Once the squeezing force vanishes, the wings 42 on both sides of the movable lid 40 will be opened outward immediately and resume the original position, so that the blocking member 42a at the external side of the wing 42 shall achieve its blocking function. In FIGS. 2, 3 and 7, if the movable lid 40 corresponding to the insulating body 30 of the FPC connector 20 is pushed in and fixed in place, the guide board 41 of the movable lid 40 will be extended into the embedding groove 34 of the insulating body 30. If the movable lid 40 corresponding to the insulating body 30 of the FPC connector 20 is pulled out, the blocking member 42a on the external side of the wing 42 of the movable lid 40 will be blocked by the external bending board 62a of the lower metal panel 60.

Such arrangement shall restrict the movable lid 40 from continuing its movement and stop the movable lid from being pulled out further.

As shown in FIGS. 4 to 6, the grounding metal panel 80 of this present invention comprises a long panel 81, and both sides of the panel 81 have a bending section 82 being bent upward (refer to the figure for the direction), and a contact panel 81a protruded forward from a rear side end of the surface of the panel 81 and located under the panel 81, such that an embedding groove 81b is defined between the panel 81 of the grounding metal panel 80 and the contact panel 81a. In the meantime, a positioning groove 83, a separation-resisting rib 84 and a positioning rib 85 are stamped and formed by a stamping technology onto both surfaces of the panel 81 at a position proximate to the surface of the bending section 82.

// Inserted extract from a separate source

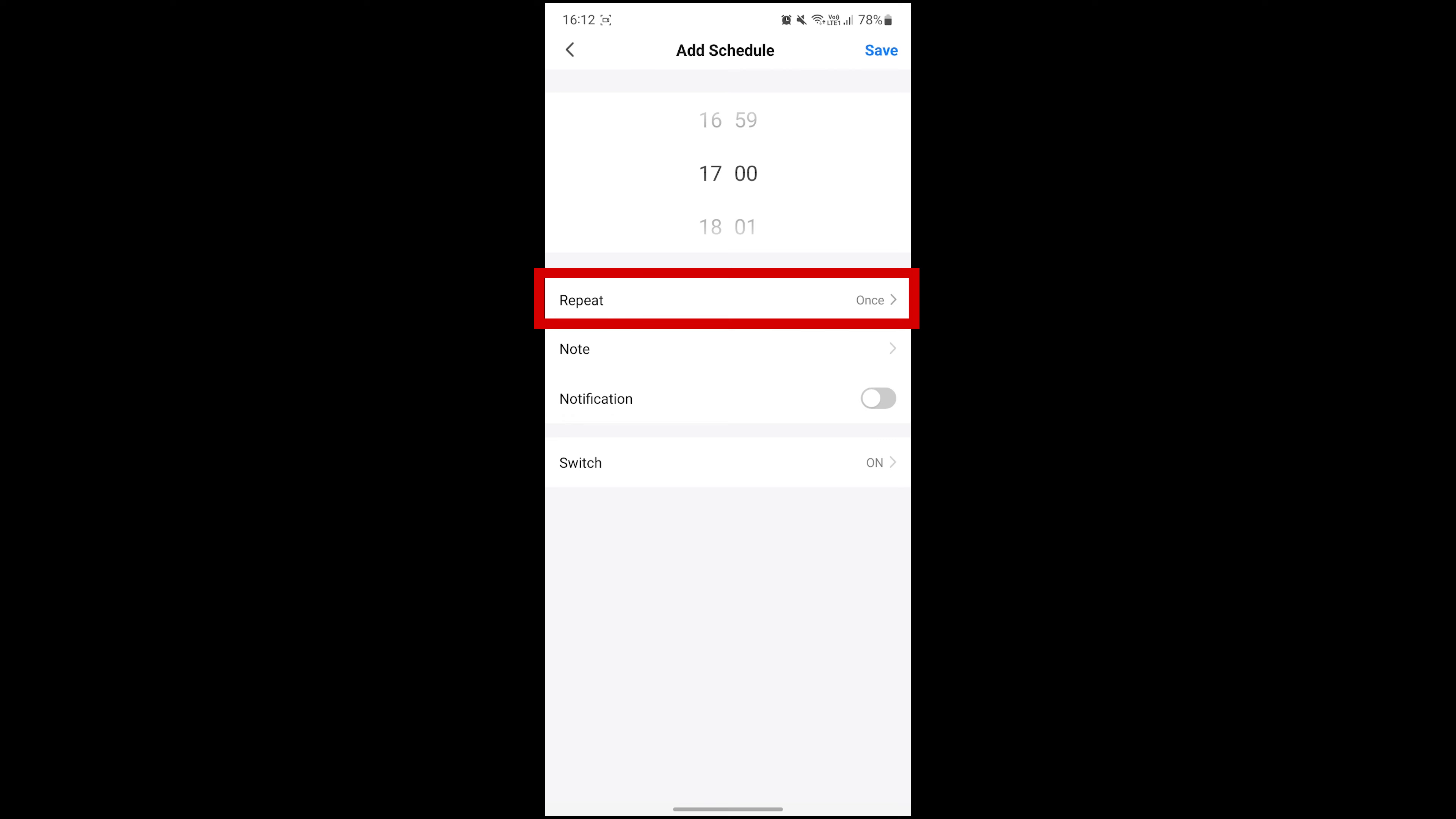Next, we can set which days we want the timer to repeat. Again, I'll just set this one to repeat on Mondays, Wednesdays and Fridays.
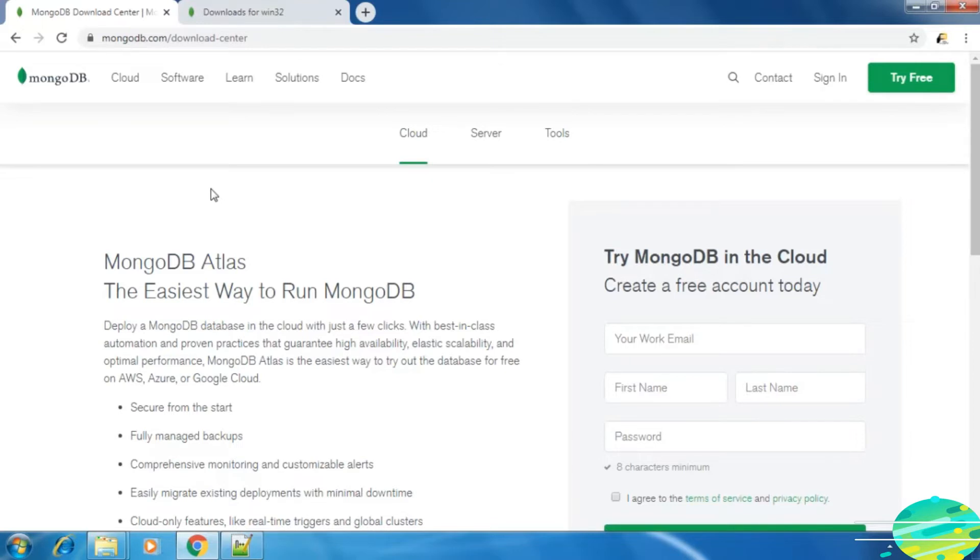Hello and welcome back. In this lecture we are going to install MongoDB server in our local machine.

As shown in FIGS. 4 to 8, another kind of movable lid 40 of this present invention may connect and shelter with the grounding metal panel 80. Such movable lid 40 has a guide board 41 and an embedding board 41a with embedding function and connectedly formed in front of the guide board 41. A fixed pin 43 is protruded individually from both surface of the guide board 41 and located at a position corresponding to the positioning groove 83 of the grounding metal panel 80.

Therefore, the embedding board 41a of the guide board 41 of this kind of movable lid 40 as shown in FIG. 5 or 6 will be inserted into the embedding groove 81b of the grounding metal panel 80 and the fixed pin 43 of the guide board 41 of such movable lid 40 is latched into the positioning groove 83 on the panel 81 of the grounding metal panel 80 to secure the grounding metal panel 80 on the guide board 41 of the movable lid 40.

As shown in FIGS. 3, 5 and 7, according to the FPC connector 20 having a grounding metal panel 80 of this present invention, after the movable lid 40 is pulled out for using the FPC connector 20, the grounding metal panel 80 on the guide board of the movable lid 40 is also pulled out accordingly. Therefore, the contact end section 95a of the FPC 95 as shown in FIG. 1 is placed slantingly into the back of the separation-resisting rib 84 of the grounding metal panel 80 (refer to the direction as indicated in the figures), and then the FPC 95 is placed flatly, so that the neck section 95b of the FPC falls into the space between the two positioning ribs 85 on both sides of the grounding metal panel 80 and is fixed in place, and thus will not fall out due to the restriction by the separation-resisting rib 84, and further will push the movable lid. The contact end section 95a of the FPC 95 will enter into the embedding groove 34 of the insulating body 30 and electrically connect with the terminal pins 50.

In FIGS. 7 and 8, since the contact panel 81a of the grounding metal panel 80 disposed on the guide board 41 of the movable lid 40 is electrically coupled with the lower metal panel 60, therefore the noise or electromagnetic wave produced by the FPC 95 will be directed and dispersed to the ground through the grounding pin 65 of the lower metal panel 60.

Although the kind of PFC connector 20 does not come with a grounding metal panel 80 on the guide board 41 of the movable lid 40, by use of the structures of the separation-resisting rib 84 and the positioning rib 85 designed on the grounding metal panel 80, the FPC 95 will still not fall out and shall be electrically connected with the terminal pins 50.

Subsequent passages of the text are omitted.